As I work a full day and only get home around 6pm, there is only a small window of time to work on the donor before dinner and bed and the next 2 evenings were spent pushing the 1400kg Kombi around my back yard, to get her under an old carport from the side of the carport as we have built a pool in front of it were the driveway used to be. When I woke up the morning after the pushing I discovered I had muscles in places I never thought you would find muscles. 

I bought myself some tools and a head lamp too as it starts to get dark earlier with winter starting also got me an eletric screwdriver which is very helpful for those extra long screws. Jacked up the rear of the Kombi and tried to remove the wheel nut to get into the brake drums and to check the bearings with no success. That nut is so stuck it didn't even budge when I smacked it with a 4 pound hammer. Figuring I would need to get some help with the wheel nuts I moved onto the underside of the Kombi and tried in vain to loosen the bolts holding the tow bar and rear bumper. These did move but only enough to strip the thread, its was then that I realised I was in for some tough times and started thinking about what others had said about buying a donor that was running rather than a Junker that needs loads of work. But that wasn't going to stop me I grabbed a can of WD-40 and started spraying every nut and bolt I could see, it was then that I got the biggest fright - a huge black widow dropped from the kombi and landed right next to my hand, clearly not impressed that I had upset his life with my penetrating spray. I then grabbed a tin of Bug spray and emptied it into every crevice and opening I could find and the remainder was sprayed into the cabin before closing the doors for the night. 

The next evening I must have found about 15 spiders hanging dead from webs, all around the car my daughter had been playing in for the last few days, we were very lucky none of us was bitten. I removed the radiator from the front of the Kombi and the piping that was installed when it was modified, also removed the exhaust system except for two pieces which have been welded to the chassis. Removed the tank and a few interior panels that were already loose and one that was held on with wire. While removing the gas tank I noticed that there is some kind of condenser system going up the side of the Kombi to the rear side air inlet and back down to where the carbs would have been, does anyone know what this is or how it works? 

I have almost finished stripping off all the ICE components my next step is to get the wheels, CV's and steering system out. Have concluded that I will be using a 144V systems (made up of 24 x 6 V 225 Ah Torjan Deep Cycle Lead Acid Flooded Batteries) with a 9" DC motor (which I have asked Zest (weg) to provide) If their pricing is not in line with ADV DC Motors I will have to import my own from the US. The whole electrical system is very intimidating for me and will be asking many questions when it comes to putting it all together, It has been 12 years since I last studied electrics and I struggle to remember most of the basics I once knew. 
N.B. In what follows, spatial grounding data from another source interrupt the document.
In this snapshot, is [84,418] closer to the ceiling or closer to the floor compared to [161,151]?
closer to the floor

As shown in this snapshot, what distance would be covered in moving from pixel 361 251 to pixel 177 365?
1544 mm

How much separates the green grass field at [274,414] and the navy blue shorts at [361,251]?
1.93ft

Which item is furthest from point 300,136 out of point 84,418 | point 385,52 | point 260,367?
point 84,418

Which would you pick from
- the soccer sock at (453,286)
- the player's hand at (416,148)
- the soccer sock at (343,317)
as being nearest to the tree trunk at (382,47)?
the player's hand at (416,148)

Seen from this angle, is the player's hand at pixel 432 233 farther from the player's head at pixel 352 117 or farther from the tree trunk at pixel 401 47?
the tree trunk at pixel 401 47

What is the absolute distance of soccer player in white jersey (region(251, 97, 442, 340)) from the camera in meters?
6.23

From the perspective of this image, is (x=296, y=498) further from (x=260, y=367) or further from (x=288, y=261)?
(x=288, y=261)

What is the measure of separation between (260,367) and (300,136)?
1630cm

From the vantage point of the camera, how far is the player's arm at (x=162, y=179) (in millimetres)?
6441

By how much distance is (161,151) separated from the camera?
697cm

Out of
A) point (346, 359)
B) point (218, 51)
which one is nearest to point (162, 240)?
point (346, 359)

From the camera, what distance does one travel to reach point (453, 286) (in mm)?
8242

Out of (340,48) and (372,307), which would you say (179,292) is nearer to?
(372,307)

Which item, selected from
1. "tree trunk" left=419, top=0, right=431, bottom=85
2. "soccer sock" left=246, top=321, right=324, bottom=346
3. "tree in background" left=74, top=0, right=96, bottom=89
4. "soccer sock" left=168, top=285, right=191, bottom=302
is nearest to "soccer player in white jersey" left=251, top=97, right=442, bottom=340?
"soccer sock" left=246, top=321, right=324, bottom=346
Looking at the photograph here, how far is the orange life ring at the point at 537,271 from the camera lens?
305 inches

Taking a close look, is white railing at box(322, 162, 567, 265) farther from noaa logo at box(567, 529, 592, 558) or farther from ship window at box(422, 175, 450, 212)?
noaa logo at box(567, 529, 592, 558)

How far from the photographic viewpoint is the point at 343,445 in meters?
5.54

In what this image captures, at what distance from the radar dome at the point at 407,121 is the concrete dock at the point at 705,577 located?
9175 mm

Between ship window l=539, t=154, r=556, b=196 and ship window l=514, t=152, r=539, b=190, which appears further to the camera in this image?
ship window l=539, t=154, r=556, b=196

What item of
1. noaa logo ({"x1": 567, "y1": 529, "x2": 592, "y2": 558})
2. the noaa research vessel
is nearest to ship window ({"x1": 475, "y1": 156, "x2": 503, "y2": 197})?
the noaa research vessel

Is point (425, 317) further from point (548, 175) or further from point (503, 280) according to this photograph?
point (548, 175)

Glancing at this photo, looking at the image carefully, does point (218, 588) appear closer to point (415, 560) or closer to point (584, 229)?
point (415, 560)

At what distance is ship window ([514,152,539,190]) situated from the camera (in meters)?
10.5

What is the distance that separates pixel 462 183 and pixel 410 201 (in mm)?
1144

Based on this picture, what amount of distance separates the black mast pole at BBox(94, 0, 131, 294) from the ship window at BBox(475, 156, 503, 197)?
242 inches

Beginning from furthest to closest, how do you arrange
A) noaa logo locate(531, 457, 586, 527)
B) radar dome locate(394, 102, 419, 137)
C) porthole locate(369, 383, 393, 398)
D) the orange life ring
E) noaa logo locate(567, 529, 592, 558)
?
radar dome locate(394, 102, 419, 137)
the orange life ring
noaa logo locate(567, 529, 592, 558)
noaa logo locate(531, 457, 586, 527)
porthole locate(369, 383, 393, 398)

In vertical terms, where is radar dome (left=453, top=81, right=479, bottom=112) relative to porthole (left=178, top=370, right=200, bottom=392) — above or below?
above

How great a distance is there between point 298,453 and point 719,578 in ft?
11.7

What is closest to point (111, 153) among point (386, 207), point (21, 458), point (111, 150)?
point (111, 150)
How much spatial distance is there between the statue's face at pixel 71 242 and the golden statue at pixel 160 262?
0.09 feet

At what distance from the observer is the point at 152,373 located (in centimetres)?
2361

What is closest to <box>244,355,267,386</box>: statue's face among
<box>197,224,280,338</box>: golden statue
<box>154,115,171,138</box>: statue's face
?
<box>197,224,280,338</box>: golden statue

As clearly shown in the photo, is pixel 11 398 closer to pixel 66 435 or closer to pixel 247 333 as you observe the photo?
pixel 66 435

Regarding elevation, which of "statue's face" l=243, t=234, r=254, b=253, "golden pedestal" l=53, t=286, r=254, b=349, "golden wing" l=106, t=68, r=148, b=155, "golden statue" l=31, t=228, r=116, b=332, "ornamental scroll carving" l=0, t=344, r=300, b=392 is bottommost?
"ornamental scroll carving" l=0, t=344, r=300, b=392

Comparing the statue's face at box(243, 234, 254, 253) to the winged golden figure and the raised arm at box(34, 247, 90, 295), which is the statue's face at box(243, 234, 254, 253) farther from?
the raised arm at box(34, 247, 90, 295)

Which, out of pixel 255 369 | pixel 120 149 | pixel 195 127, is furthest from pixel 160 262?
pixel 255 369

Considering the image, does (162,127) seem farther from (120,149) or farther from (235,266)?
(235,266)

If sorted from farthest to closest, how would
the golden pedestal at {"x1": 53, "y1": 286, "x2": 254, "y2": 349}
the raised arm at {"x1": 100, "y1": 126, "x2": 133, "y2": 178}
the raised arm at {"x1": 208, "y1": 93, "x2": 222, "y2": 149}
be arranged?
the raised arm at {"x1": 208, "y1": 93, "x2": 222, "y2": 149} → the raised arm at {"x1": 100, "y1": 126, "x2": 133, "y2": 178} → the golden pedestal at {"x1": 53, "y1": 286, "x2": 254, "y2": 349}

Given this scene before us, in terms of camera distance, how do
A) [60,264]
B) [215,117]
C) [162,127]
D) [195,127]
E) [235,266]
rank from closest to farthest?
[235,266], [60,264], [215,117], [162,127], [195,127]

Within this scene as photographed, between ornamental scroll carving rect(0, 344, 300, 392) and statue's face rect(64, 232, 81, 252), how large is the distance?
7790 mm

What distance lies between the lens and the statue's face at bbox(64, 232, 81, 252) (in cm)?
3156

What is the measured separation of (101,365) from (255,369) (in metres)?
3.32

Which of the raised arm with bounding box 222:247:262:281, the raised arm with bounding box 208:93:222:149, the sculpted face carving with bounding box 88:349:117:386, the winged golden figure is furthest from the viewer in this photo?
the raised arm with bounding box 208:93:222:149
Would really appreciate to hear what the guys with experience have to say and any tips or hints would be most welcome.


----------



## Ziggythewiz (May 16, 2010)

*Re: 1978 VW Kombi*

If you think it's hard to push now, wait till you add the batteries! Sounds like you're making good progress already.
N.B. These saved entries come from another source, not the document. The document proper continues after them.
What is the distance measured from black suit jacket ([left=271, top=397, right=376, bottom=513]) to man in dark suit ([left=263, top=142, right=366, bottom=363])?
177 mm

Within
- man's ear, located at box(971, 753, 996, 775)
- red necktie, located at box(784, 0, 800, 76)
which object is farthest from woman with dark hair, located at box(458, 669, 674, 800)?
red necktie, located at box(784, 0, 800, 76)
Don't worry too much about the electrics, they're quite trivial compared to the mechanical stuff you'll have to deal with. 

As for some general tips, in addition to the wiki pages, check out: http://www.diyelectriccar.com/forums/showthread.php/if-you-had-do-over-would-72326.html


----------



## saintmg (Feb 21, 2012)

*Re: 1978 VW Kombi*

Here are some pics from the first day of the long bolts (and my puppy) also a pic of the interior and engine compartment.
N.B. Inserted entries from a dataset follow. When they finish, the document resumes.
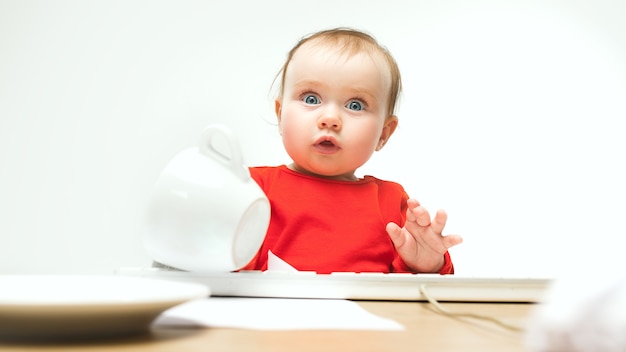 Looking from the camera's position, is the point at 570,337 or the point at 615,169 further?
the point at 615,169

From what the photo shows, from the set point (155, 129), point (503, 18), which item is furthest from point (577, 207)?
point (155, 129)

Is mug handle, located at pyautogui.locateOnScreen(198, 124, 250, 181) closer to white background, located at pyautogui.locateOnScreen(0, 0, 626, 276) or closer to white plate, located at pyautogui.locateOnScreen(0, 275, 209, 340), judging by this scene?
white plate, located at pyautogui.locateOnScreen(0, 275, 209, 340)

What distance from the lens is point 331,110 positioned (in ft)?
4.26

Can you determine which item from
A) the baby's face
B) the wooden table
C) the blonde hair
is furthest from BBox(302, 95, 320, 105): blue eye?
the wooden table

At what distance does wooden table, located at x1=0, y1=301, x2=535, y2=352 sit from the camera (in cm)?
48

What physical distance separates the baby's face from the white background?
1095 millimetres

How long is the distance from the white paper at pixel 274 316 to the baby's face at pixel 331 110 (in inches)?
21.4

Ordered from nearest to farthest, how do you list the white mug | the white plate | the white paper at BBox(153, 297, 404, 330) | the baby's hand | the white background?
the white plate < the white paper at BBox(153, 297, 404, 330) < the white mug < the baby's hand < the white background

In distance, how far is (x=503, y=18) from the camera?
2.69m

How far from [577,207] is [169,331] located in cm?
230

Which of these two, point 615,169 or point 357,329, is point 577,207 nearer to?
point 615,169

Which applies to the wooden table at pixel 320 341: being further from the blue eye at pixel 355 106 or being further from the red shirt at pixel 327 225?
the blue eye at pixel 355 106

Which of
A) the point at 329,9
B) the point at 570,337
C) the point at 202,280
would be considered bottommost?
the point at 570,337

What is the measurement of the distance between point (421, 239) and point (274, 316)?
0.51 metres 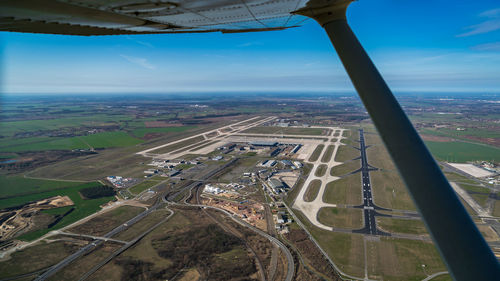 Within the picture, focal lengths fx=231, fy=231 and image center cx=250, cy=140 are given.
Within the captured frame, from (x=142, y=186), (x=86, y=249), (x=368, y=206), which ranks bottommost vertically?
(x=86, y=249)

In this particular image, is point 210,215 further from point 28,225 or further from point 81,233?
point 28,225

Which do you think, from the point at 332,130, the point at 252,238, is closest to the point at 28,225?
the point at 252,238

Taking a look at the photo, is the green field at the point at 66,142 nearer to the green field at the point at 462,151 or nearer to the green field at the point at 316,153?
the green field at the point at 316,153

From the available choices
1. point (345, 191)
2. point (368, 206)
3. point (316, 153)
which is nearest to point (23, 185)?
point (345, 191)

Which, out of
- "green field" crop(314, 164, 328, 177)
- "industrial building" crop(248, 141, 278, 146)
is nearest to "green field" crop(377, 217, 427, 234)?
"green field" crop(314, 164, 328, 177)

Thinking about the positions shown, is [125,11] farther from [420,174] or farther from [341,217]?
[341,217] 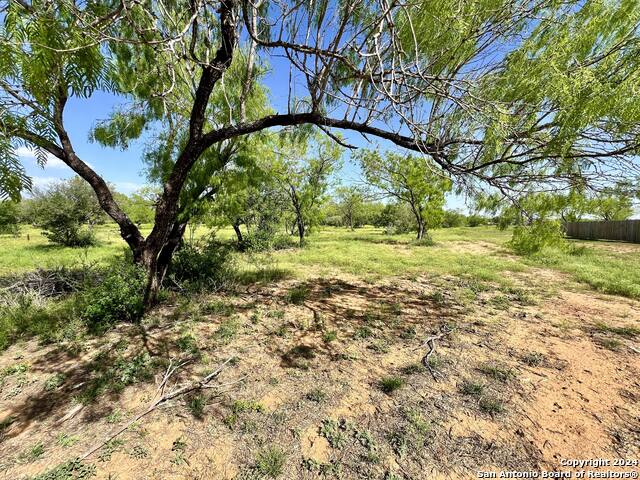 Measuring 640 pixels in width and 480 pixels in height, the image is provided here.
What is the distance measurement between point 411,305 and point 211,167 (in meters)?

Haven't done any work this week as getting home after 8 with no energy to do work on my new baby, so just been sitting in her going over some plan and drinking coffee. To be honest been a little bummed out that i dont have the cash rite now to buy all the components. But have a friend who is going to loan me some second hand 12 volt batteries so i can start getting the electrical system setup and testing the motor and gearbox.


----------



## palmer_md (Jul 22, 2011)

someone put the side door and the steering wheel on the wrong sides of the car. haha.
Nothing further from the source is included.